The dangerous feature of the al Jaafari controversy is the overlap of politics and religion, with the threat of repercussions throughout the region. Amidst all manner of plausible and implausible conspiracy theories, Shias in Iran, Lebanon and Bahrain link the mosque attacks in Iraq with the Danish cartoon controversy, further fuelling anti-Western passion. There are fears that Sunni-Shia tension might impact on Saudi Arabia's oil production. Warning a senate committee that religious conflict 'would seriously jeopardise the democratic political process', Negroponte agreed that, despite initial reluctance, neighbouring countries would be tempted to become involved. As the world's principal Shia power, Iran may feel ' and Iraqi Shias may reciprocate the sentiment ' that it has a more legitimate interest in adjoining Shia-majority Iraq than the US.

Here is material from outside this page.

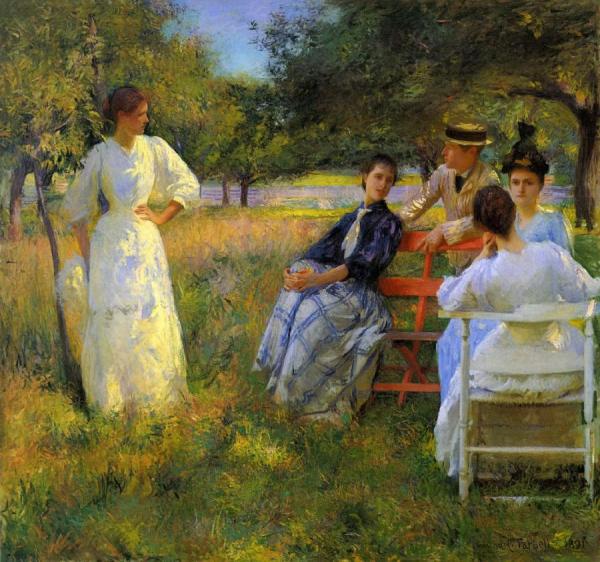 In The Orchard by Edmund Tarbell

It is a measure of its inability to appreciate the force of Asian nationalism that the US cannot grasp that anything that looks like coercion can only aggravate the situation. Washington is probably still surprised that it was not hailed as the liberator from Saddam's oppression. It still mistakes national resistance ' what Napoleon called a 'running sore' in conquered Spain ' for terrorism. Such obtuseness arises from what J. William Fulbright called 'the arrogance of power' in his eponymous 1966 classic which continues to provide insights into current American policy.
'America is now at that historical point at which a great nation is in danger of losing its perspective on what exactly is within the realm of its power and what is beyond it,' Fulbright wrote. 'Other great nations, reaching this crucial juncture, have aspired to too much and, by overextension of effort, have declined and then fallen. Gradually but unmistakably, America is showing signs of that arrogance of power which has afflicted, weakened, and in some cases destroyed great nations in the past. In so doing, we are not living up to our capacity and promise as a civilised example for the world; the measure of our falling short is the measure of the patriot's duty of dissent.'
That patriotic cri de coeur prompts a question about what the US expects from subordinate partners. Thomas Carothers, a historian of the democratization process in Latin America who also served in Reagan's state department, might not have branded the expectation as quite the blind obedience of Finlandization. He thought the programmes were 'sincere' but failed because Washington would tolerate only 'limited, top-down forms of democratic change that did not risk upsetting the traditional structures of power with which the US has long been allied'.
The US had its way in Nicaragua, but as Carothers wrote, the death toll was 'significantly higher than the number of US persons killed in the US Civil War and all the wars of the 20th century combined'. Today, Nicaragua is the second-poorest country in the hemisphere, just above Haiti, another target of US intervention. About 60 per cent of Nicaraguan children under two are afflicted with anaemia from severe malnutrition.
Unlike in Nicaragua, there is no systemic conflict in Iraq. Nor any threat to American security. But that's not enough. As in Palestine, Bush's mission civilisatrice demands that the voters' choice must be handpicked by the US. It's a definition of democracy that befits Stalin's Russia, not the land of the free from which the world expects moral and material succour.